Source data
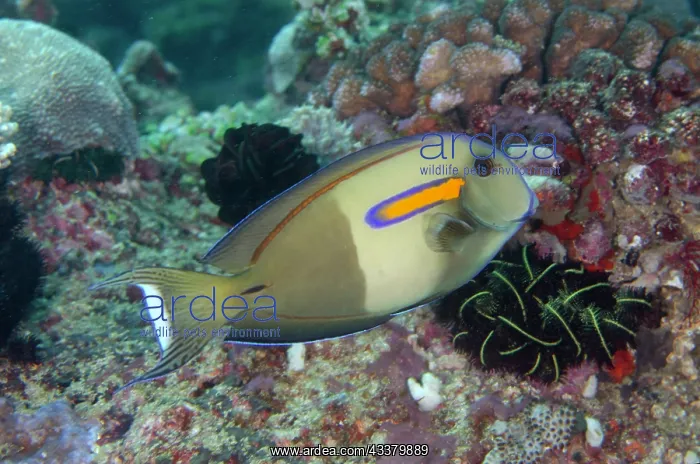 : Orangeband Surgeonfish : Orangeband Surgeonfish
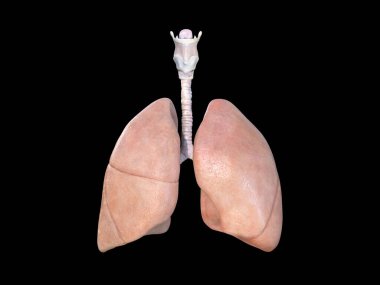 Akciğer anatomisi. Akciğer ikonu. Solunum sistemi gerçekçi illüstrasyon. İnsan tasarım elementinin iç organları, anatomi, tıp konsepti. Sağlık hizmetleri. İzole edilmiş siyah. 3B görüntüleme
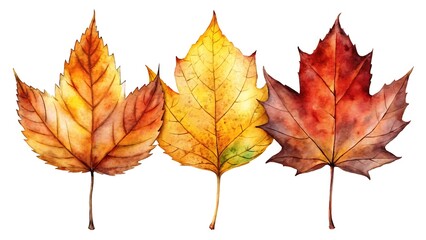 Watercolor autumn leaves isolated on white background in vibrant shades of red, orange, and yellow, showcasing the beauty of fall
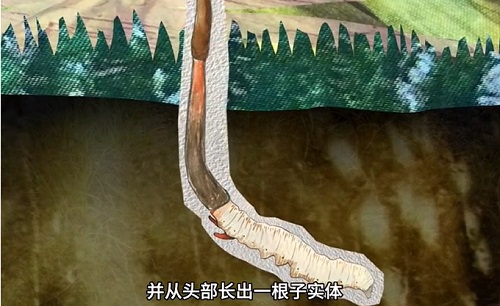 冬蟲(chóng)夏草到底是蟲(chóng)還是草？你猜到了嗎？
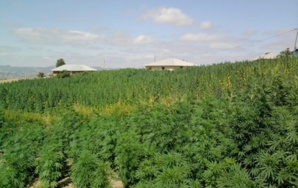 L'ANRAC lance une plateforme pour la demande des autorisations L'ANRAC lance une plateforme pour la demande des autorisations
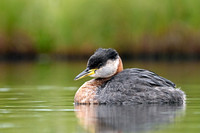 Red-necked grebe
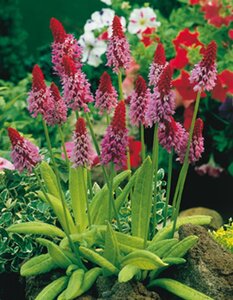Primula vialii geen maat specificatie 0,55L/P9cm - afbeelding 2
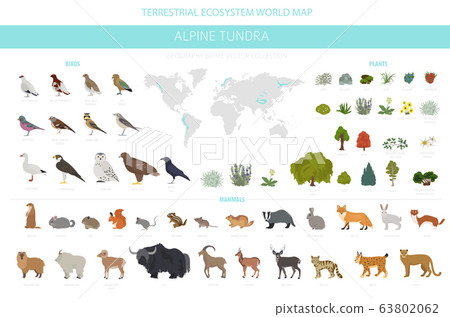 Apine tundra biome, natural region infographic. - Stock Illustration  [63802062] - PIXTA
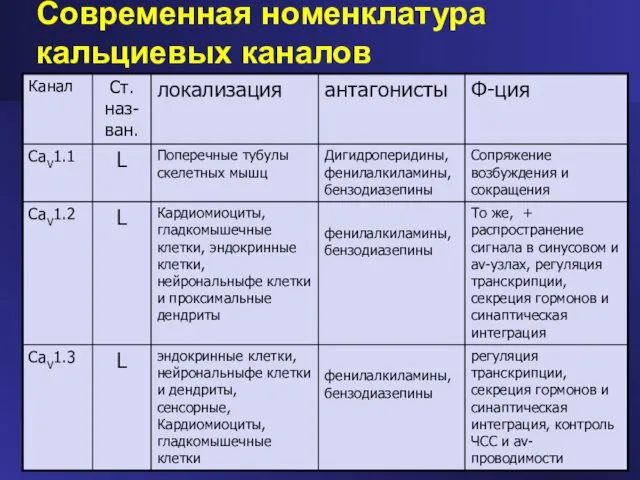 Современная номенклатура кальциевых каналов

■ **PROBLEM REQUIREMENTS**
Beginning with the first line of the records, write out every line up to and including the one with "Akciğer anatomisi. Akciğer", exactly, and omit all pictures.

■ **TASK ANSWER**
 : Orangeband Surgeonfish : Orangeband Surgeonfish
 Akciğer anatomisi. Akciğer ikonu. Solunum sistemi gerçekçi illüstrasyon. İnsan tasarım elementinin iç organları, anatomi, tıp konsepti. Sağlık hizmetleri. İzole edilmiş siyah. 3B görüntüleme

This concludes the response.